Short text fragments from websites
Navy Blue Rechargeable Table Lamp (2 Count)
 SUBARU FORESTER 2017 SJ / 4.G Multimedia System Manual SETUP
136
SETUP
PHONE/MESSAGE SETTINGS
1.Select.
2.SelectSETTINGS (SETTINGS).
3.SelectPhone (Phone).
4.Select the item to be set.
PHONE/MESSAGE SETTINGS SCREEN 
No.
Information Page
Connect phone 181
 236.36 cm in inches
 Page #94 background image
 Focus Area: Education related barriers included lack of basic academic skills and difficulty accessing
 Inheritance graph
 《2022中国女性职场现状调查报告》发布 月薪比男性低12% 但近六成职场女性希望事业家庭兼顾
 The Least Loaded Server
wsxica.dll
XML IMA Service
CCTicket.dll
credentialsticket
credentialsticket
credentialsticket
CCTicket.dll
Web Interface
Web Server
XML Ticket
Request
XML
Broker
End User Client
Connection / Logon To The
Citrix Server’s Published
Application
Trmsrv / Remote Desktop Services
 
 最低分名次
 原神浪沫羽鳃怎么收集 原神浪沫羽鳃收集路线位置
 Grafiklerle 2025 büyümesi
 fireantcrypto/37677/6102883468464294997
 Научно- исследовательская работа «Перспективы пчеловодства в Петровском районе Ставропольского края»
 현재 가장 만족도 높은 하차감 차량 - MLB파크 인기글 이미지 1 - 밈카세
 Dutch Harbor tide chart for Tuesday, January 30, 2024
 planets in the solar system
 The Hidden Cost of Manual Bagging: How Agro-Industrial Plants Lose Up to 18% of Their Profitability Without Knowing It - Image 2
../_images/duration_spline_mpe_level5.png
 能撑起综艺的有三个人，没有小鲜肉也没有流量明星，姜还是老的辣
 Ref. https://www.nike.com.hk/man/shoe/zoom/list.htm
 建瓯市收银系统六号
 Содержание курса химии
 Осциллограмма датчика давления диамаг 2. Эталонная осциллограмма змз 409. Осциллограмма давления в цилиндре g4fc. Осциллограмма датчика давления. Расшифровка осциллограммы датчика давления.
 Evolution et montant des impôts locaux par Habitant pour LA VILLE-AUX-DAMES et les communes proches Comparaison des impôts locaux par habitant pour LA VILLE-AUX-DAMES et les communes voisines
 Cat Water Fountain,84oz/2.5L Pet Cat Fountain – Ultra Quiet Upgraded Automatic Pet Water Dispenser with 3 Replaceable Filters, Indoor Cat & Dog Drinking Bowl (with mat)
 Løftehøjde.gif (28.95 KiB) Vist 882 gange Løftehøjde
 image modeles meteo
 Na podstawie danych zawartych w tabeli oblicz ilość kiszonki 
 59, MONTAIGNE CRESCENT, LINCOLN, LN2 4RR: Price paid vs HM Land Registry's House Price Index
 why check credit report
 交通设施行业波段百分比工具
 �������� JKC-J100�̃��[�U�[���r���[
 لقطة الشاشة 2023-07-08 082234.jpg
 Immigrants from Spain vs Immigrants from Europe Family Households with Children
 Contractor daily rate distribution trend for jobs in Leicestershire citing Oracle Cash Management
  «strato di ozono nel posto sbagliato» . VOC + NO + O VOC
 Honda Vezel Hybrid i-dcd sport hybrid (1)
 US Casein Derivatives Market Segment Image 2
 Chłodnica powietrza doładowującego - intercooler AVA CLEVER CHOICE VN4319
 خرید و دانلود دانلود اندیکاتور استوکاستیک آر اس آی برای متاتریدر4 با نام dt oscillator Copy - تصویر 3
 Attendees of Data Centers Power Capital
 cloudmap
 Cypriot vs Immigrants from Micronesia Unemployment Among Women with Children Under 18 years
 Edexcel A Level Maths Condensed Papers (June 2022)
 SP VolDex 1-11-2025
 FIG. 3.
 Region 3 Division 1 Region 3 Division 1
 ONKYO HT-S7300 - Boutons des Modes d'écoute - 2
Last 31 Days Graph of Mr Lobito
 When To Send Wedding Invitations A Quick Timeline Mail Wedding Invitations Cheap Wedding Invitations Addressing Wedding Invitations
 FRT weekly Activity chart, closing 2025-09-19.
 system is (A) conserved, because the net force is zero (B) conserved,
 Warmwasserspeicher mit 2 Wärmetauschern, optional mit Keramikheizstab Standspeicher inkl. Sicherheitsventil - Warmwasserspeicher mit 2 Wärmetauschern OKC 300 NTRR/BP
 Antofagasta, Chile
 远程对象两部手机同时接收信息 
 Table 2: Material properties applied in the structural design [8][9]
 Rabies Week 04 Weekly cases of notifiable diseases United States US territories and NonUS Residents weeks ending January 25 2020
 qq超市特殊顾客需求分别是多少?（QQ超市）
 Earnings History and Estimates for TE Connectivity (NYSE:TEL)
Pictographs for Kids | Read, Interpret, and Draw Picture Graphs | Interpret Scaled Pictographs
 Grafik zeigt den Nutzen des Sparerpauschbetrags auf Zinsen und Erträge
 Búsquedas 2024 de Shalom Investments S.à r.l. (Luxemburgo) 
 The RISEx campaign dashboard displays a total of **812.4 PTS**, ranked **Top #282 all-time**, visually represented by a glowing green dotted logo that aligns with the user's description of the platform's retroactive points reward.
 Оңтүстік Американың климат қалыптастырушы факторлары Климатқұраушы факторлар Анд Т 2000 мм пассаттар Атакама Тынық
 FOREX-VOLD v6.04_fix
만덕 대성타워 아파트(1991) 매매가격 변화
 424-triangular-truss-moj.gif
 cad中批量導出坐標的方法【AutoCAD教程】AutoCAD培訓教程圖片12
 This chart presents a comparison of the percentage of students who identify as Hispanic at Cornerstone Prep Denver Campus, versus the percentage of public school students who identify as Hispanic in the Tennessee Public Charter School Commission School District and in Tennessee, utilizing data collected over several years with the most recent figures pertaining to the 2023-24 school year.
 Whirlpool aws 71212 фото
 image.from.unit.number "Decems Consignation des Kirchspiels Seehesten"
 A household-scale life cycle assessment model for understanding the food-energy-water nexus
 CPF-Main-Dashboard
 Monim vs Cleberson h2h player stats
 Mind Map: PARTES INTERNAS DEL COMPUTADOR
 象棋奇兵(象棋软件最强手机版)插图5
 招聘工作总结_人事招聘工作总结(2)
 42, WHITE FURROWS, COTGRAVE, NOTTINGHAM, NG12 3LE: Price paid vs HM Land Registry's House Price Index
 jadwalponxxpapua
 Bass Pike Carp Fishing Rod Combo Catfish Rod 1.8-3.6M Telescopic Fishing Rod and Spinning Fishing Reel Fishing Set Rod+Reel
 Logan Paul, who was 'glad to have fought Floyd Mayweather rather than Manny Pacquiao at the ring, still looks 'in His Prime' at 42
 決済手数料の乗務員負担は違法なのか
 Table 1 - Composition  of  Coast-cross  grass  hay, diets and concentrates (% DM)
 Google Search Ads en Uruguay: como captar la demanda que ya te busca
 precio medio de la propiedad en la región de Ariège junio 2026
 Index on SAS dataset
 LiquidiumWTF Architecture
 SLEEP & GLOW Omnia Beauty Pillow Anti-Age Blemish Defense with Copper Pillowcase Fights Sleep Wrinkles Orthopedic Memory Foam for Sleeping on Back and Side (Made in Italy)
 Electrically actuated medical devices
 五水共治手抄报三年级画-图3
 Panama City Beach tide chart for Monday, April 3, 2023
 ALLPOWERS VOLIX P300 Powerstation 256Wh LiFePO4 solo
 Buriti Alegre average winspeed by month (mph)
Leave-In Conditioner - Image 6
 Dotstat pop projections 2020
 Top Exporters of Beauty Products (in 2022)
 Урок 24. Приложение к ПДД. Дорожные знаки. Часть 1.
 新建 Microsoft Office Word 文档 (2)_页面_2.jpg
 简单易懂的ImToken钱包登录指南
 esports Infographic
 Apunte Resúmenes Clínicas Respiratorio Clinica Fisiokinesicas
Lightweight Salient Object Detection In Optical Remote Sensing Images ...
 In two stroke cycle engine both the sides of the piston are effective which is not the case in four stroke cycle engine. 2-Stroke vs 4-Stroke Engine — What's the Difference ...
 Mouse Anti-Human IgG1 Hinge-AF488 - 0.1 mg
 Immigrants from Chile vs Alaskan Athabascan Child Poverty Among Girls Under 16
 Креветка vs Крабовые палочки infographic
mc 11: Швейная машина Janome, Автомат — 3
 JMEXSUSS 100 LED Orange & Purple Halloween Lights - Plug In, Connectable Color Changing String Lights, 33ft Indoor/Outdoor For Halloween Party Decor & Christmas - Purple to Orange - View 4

- _TASK BRIEF_
What you give back must be the stretch above, starting at the line with "The Hidden Cost" and ending at the line with "Осциллограмма датчика давления диамаг", copied exactly.

- _EXERCISE ANSWER_
 The Hidden Cost of Manual Bagging: How Agro-Industrial Plants Lose Up to 18% of Their Profitability Without Knowing It - Image 2
../_images/duration_spline_mpe_level5.png
 能撑起综艺的有三个人，没有小鲜肉也没有流量明星，姜还是老的辣
 Ref. https://www.nike.com.hk/man/shoe/zoom/list.htm
 建瓯市收银系统六号
 Содержание курса химии
 Осциллограмма датчика давления диамаг 2. Эталонная осциллограмма змз 409. Осциллограмма давления в цилиндре g4fc. Осциллограмма датчика давления. Расшифровка осциллограммы датчика давления.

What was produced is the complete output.